■ Description of the task ■
Copy the entries exactly, leaving out nothing.

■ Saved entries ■
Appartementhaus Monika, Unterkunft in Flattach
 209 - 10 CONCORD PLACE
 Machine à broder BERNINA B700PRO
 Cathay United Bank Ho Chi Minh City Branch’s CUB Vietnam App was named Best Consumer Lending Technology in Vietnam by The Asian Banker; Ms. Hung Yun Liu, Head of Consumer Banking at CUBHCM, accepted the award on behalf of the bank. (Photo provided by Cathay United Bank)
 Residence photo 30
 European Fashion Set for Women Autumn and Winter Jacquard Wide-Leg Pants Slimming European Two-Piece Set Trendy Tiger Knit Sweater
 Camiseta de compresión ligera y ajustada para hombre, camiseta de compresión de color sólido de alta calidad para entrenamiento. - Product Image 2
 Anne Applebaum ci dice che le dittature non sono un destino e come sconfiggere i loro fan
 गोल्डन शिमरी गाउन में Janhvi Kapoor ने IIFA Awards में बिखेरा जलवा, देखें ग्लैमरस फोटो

■ Written answer ■
Appartementhaus Monika, Unterkunft in Flattach
 209 - 10 CONCORD PLACE
 Machine à broder BERNINA B700PRO
 Cathay United Bank Ho Chi Minh City Branch’s CUB Vietnam App was named Best Consumer Lending Technology in Vietnam by The Asian Banker; Ms. Hung Yun Liu, Head of Consumer Banking at CUBHCM, accepted the award on behalf of the bank. (Photo provided by Cathay United Bank)
 Residence photo 30
 European Fashion Set for Women Autumn and Winter Jacquard Wide-Leg Pants Slimming European Two-Piece Set Trendy Tiger Knit Sweater
 Camiseta de compresión ligera y ajustada para hombre, camiseta de compresión de color sólido de alta calidad para entrenamiento. - Product Image 2
 Anne Applebaum ci dice che le dittature non sono un destino e come sconfiggere i loro fan
 गोल्डन शिमरी गाउन में Janhvi Kapoor ने IIFA Awards में बिखेरा जलवा, देखें ग्लैमरस फोटो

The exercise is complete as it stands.